E essa é só a primeira das muitas alfinetadas em estrelas com ego maior do que o talento, o peso que a publicidade tem na vida das pessoas, inventando até mesmo falsos relacionamentos, o preconceito do próprio meio para quem não é cria do teatro... Está tudo lá, muito bem costurado no ótimo roteiro. No número Make them laugh, a mensagem é ainda mais direta: "Você pode estudar e ser da elite, encantar os críticos e não ter nada para comer. Apenas escorregue numa casca de banana e terá o mundo a seus pés". Mas a melhor defesa do cinema, para mim, foi a sequência em que Don leva Kathy até o set e lhe mostra os truques fundamentais da sétima arte. É tudo mentira, sim, mas são só artifícios que garantem a magia do cinema. Lindo.

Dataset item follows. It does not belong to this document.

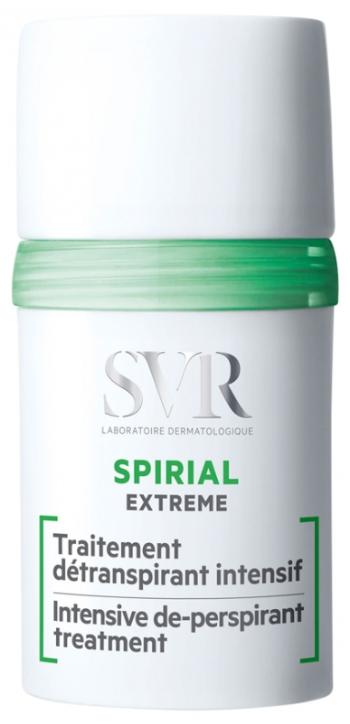 SVR Deodorant intensiv cu bilă Spirial Extreme (Intensive De-Perspirant Treatment) 20 ml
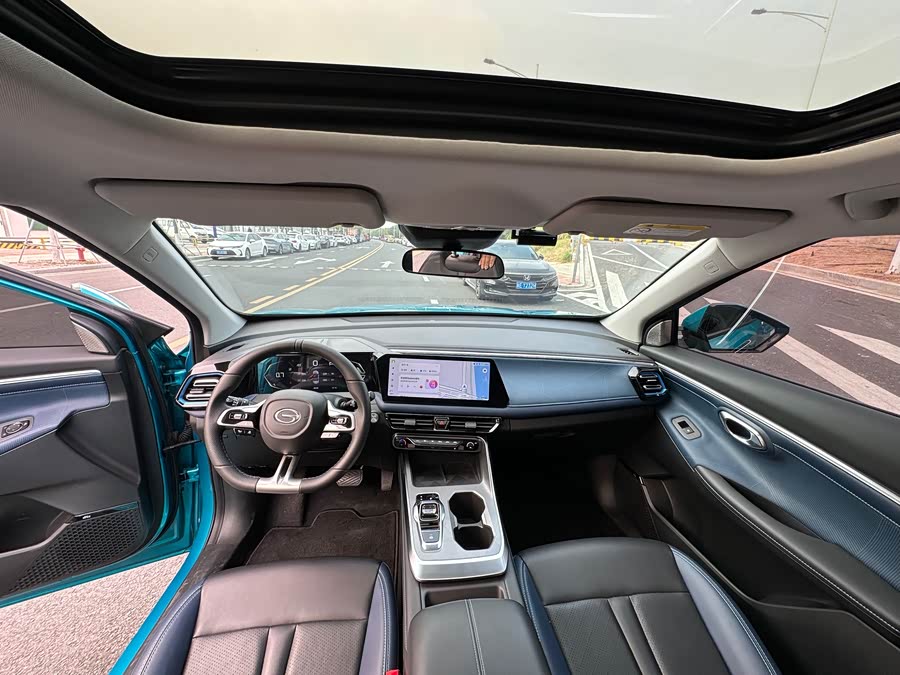 GAC Trumpchi GS3 2025 #25 GAC Trumpchi GS3 2025 immagine di auto #25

E os personagens não poderiam ser mais carismáticos. O primeiro diálogo de Don e Kathy, arrogante até o último fio de cabelo, é simplesmente delicioso. E já ali sentimos que os dois nasceram um para o outro. Não dá para torcer por um final diferente. Ainda mais quando descobrimos que, além de insuportável, Lina Lamont tem também uma hilária voz de pato rouco, e nem se dá conta disso. As cenas dela fazendo aulas com uma fonoaudióloga são divertidas, mas eu chorei de rir mesmo foi com O cavaleiro duelante, o filme dentro do filme. Ótima sacada mostrar o quão ridículo ficaria simplesmente colocar voz em um longa-metragem mudo, com aquelas atuações afetadas. Simples e muito eficiente. Ah, um parêntese: a sequência de Don e Lina trocando insultos enquanto simulavam uma cena romântica é ótima!
Não, eu não esqueci que se trata de um musical. É que, ao contrário de muitos exemplares do gênero, a história de Cantando na chuva é realmente boa. Mas os números de dança são espetaculares: Debbie Reynolds era graciosa, mas Gene Kelly e Donald O'Connor são de deixar qualquer um babando. Triste pensar que não temos mais atores/dançarinos assim hoje em dia. Mais um motivo para a gente rever este clássico um milhão de vezes. Coisa boa não envelhece.